Why is Partitioning Important?
When running a query like SELECT * FROM waf_logs
, Athena scans all data in the table, which leads to slow query execution and high costs.
To optimize performance and reduce costs, partitioning is essential, and using WHERE
to specify partitions is the best practice.
Why Use Partitioning?
1. Faster Query Execution
Without partitioning, Athena scans all files in S3, making queries slow.
Partitioning helps by limiting the scan to only relevant data.
Without Partitioning (SELECT * FROM waf_logs
)
SELECT * FROM waf_logs;
Scans all data → Slow & Expensive
With Partitioning (WHERE log_date
to filter)
SELECT * FROM waf_logs
WHERE log_date = '2025/02/23';
Scans only relevant data → Faster & Lower cost!
2. Reduced Query Costs
Athena charges based on the amount of data scanned.
Using partitioning prevents unnecessary scans and reduces costs.
Query Method | Scanned Data | Cost |
---|---|---|
No Partitioning (SELECT * FROM waf_logs ) | 1TB | $5 |
With WHERE log_date = 'YYYY/MM/DD' | 50GB | $0.25 |
Partitioning reduces costs by up to 95%!
3. Easier Data Management
Using partition keys that align with the S3 folder structure organizes data efficiently.
For example, using log_date
, hour
, and minute
as partition keys enables easier access to logs.
S3 Folder Structure Example
s3://your-waf-logs-bucket/AWSLogs/WAFLogs/
├── 2025/02/23/00/05/
├── 2025/02/23/00/10/
├── 2025/02/24/00/05/
├── 2025/02/24/00/10/
With Athena Partitioning, you can efficiently query only the necessary logs!
Best Practices for Partitioning
1. Choosing the Right Partition Keys
For WAF logs, partitioning by date and time is optimal due to the large volume of data.
Partition Key | Reason |
log_date | Divides logs by day for faster date-based queries |
hour | Filters logs by specific hours for better analysis |
minute | Allows analysis of requests in 5-minute intervals |
2. Always Use WHERE
with Partition Keys
If you don’t specify a partition key in the WHERE
clause, Athena scans all data, making queries slow and costly.

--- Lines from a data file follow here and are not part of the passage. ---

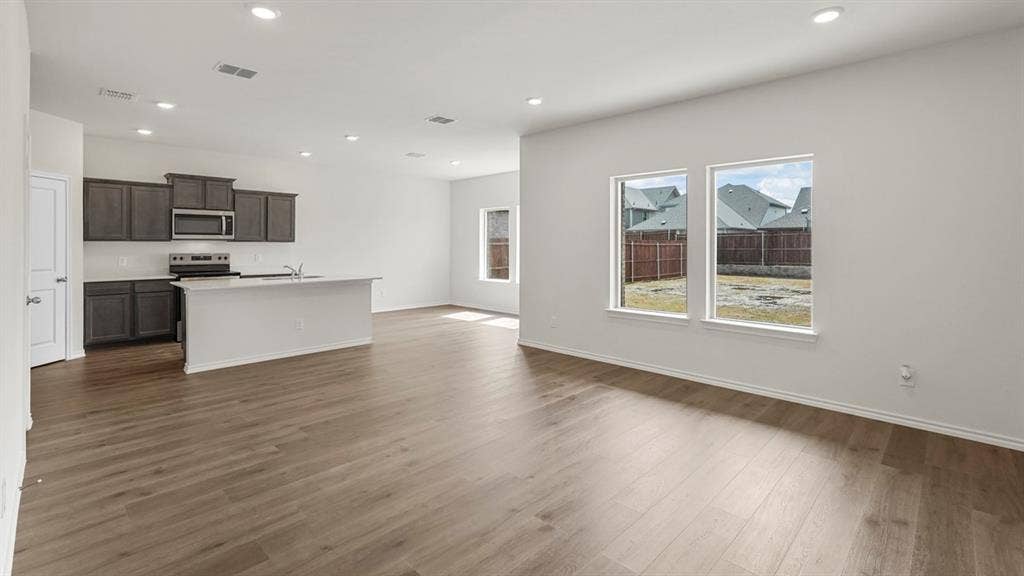 5610 Gannet Place, Crandall, TX 75114 Open-concept living space featuring wood-finish flooring, recessed lighting, and white walls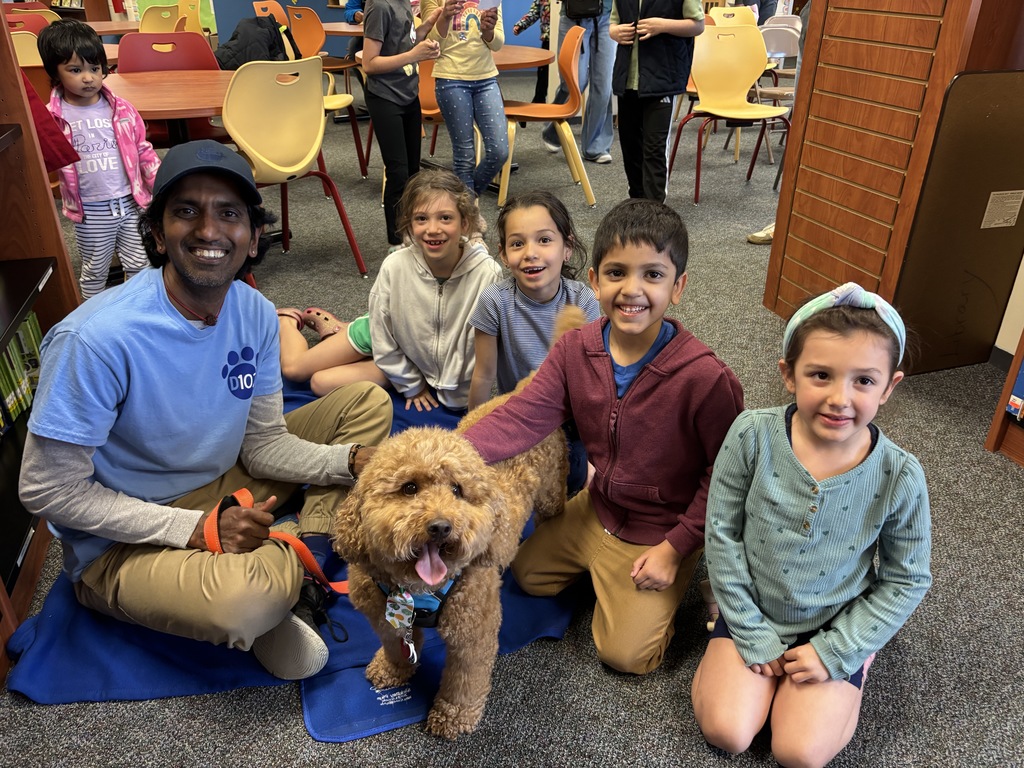 Students petting a dog with the dog owner.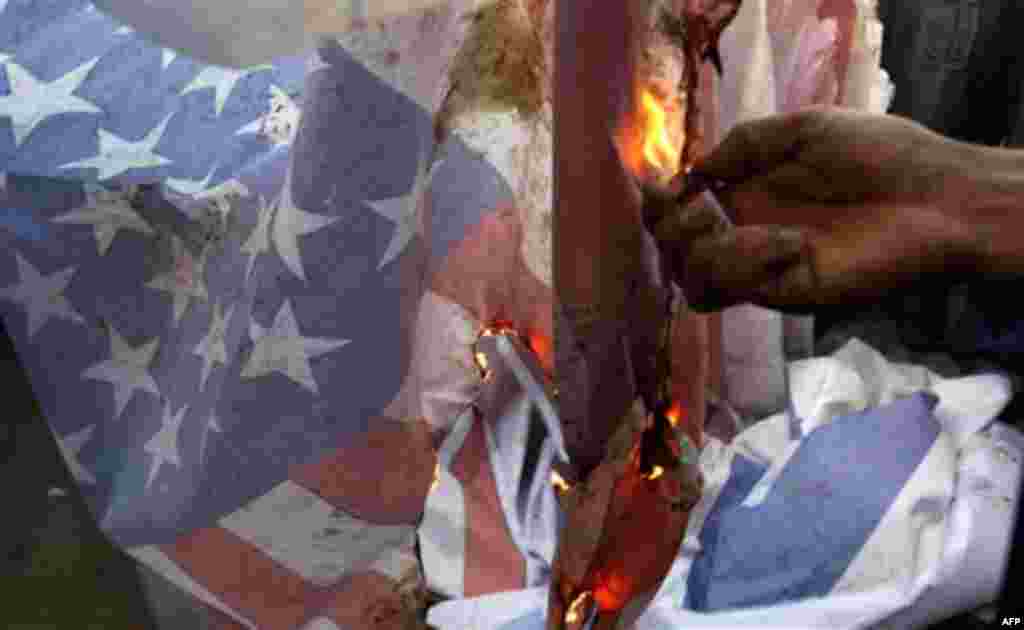 A Palestinian supporter of Islamic Jihad burns an American flag in protest during a demonstration marking the 2nd anniversary of the Israel-Gaza war, in the Jebaliya refugee camp, northern Gaza Strip, Monday, Dec. 27, 2010. Israel's volatile front with Ga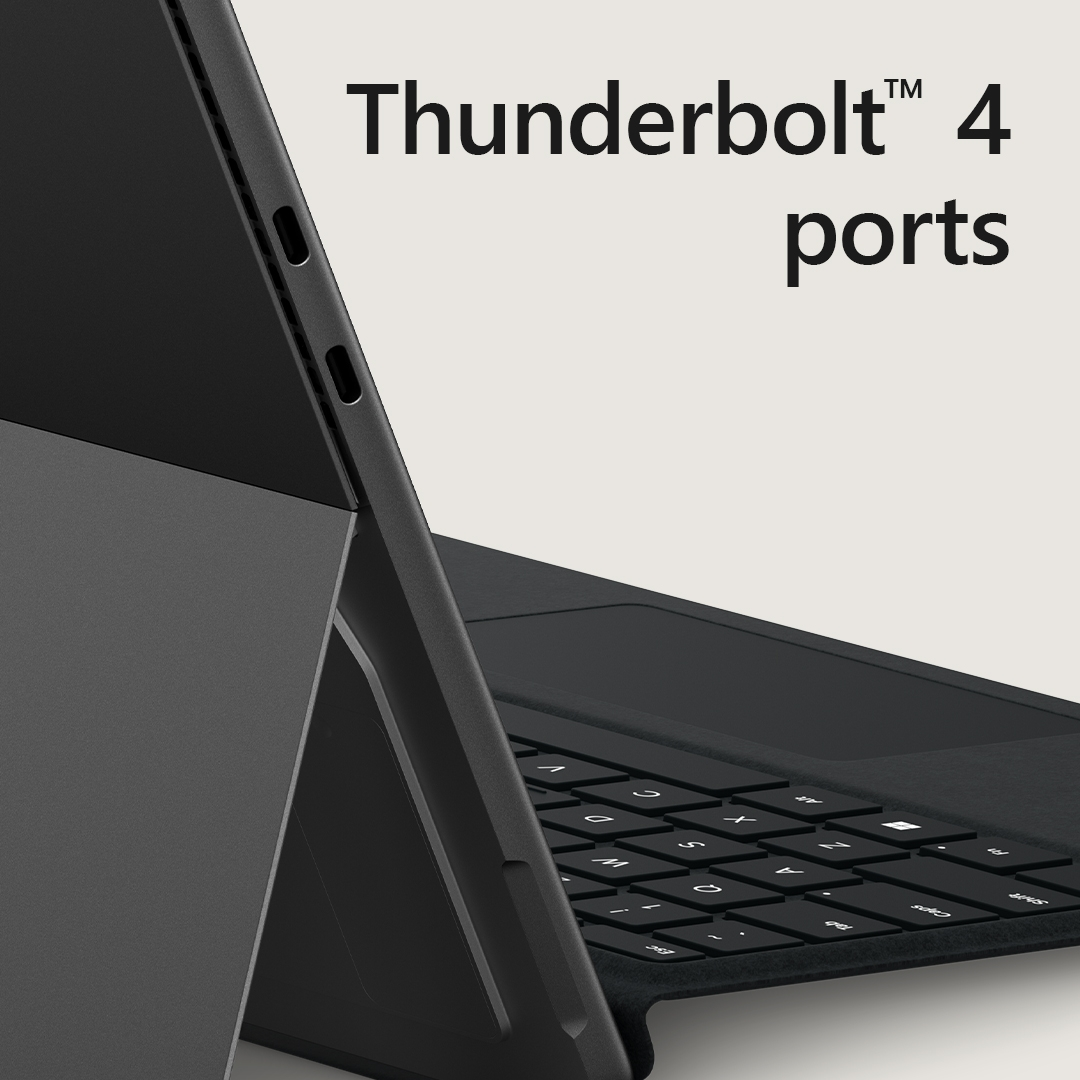 Ein Laptop mit Tastatur und dem Text „Thunderbolt 4 ports“. Der Laptop ist schwarz und hat eine dunkelgraue Abdeckung.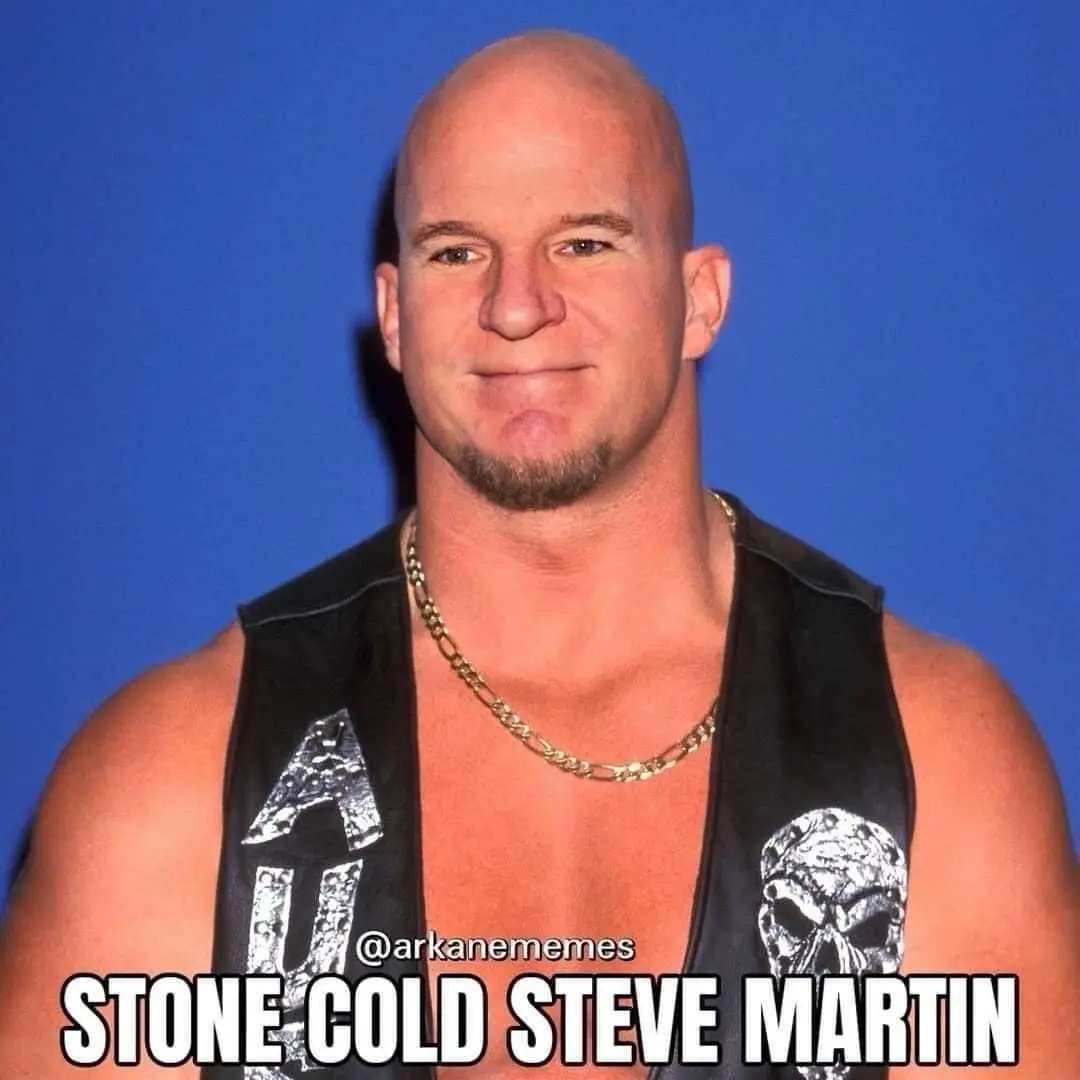 A bald, muscular man with a goatee and a gold chain, wearing a black vest with skull and lettering designs, poses against a…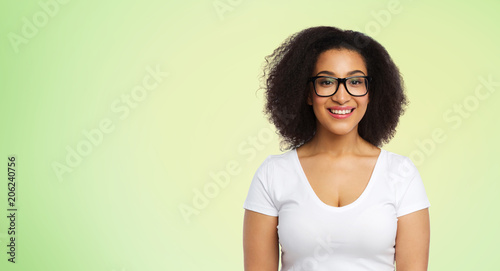 vision, body positive and people concept - happy african american woman in white t-shirt and glasses over lime green background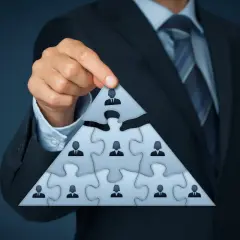 Biznesmen układa piramidę z puzzli, symbolizującą strukturę firmy i identyfikującą beneficjenta rzeczywistego.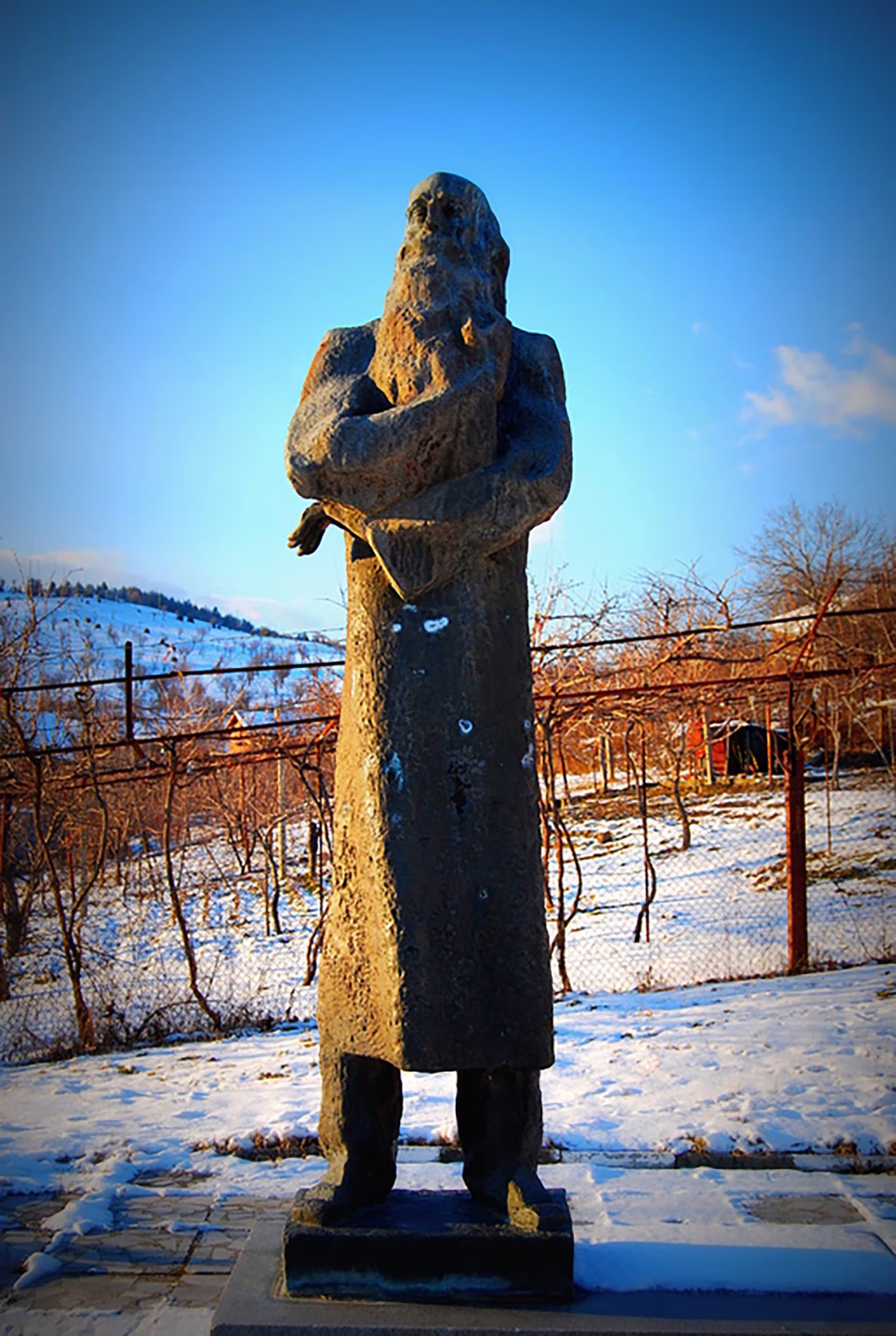 La imponente estatua en Frolosh de Vladimir Dimitrov - El Maestro, se alza majestuosamente rodeada por un paisaje invernal cubierto de nieve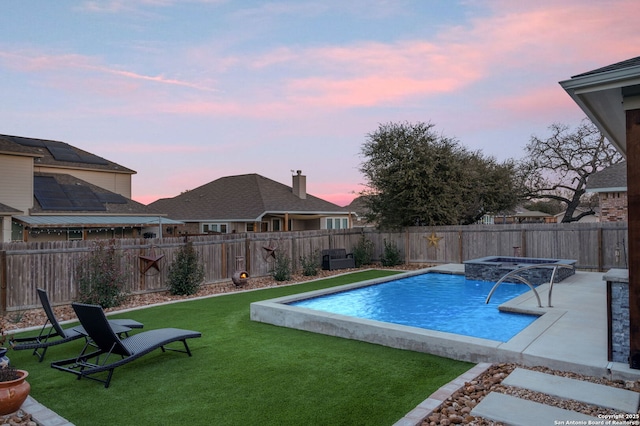 pool at dusk with an in ground hot tub, a lawn, a fenced backyard, and a fenced in pool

Good Example (Uses Partition Pruning)
SELECT * FROM waf_logs
WHERE log_date = '2025/02/23'
AND hour = '14'
AND minute = '05'
LIMIT 100;
Scans only relevant data → Fast & Cost-efficient
Bad Example (No Partition Filtering)
SELECT * FROM waf_logs
WHERE action = 'BLOCK'
LIMIT 100;
Scans all partitions → Slow & Expensive!
3. Use Partition Projection for Automation
Partition Projection allows Athena to automatically detect new partitions, eliminating the need to manually add them.
Example: Enabling Partition Projection
ALTER TABLE waf_logs SET TBLPROPERTIES (
'projection.enabled' = 'true',
'projection.log_date.type' = 'date',
'projection.log_date.format' = 'yyyy/MM/dd',
'projection.log_date.range' = '2025/01/01,2025/12/31',
'projection.log_date.interval' = '1',
'projection.log_date.unit' = 'DAYS',
'projection.hour.type' = 'integer',
'projection.hour.range' = '00,23',
'projection.hour.interval' = '1',
'projection.minute.type' = 'integer',
'projection.minute.range' = '00,55',
'projection.minute.interval' = '5',
'storage.location.template' = 's3://your-waf-logs-bucket/AWSLogs/WAFLogs/${log_date}/${hour}/${minute}/'
);
Now, Athena automatically recognizes partitions without manual ALTER TABLE ADD PARTITION
!
4. Verify Partitioning with SHOW PARTITIONS
After setting up Partition Projection, confirm if Athena recognizes partitions.
SHOW PARTITIONS waf_logs;
Expected Output
log_date=2025/02/23/hour=00/minute=05
log_date=2025/02/23/hour=00/minute=10
...
If partitions appear correctly, partitioning is working!
Summary
Key Point | Best Practice |
Faster Queries | Use WHERE log_date for partition pruning |
Lower Query Costs | Avoid scanning unnecessary data |
Better Data Management | Use date/time-based partitions for efficiency |
Partition Projection | Automatically detect new partitions |
In Athena, reducing scanned data improves both performance and cost-efficiency!
Partitioning is essential for efficient querying!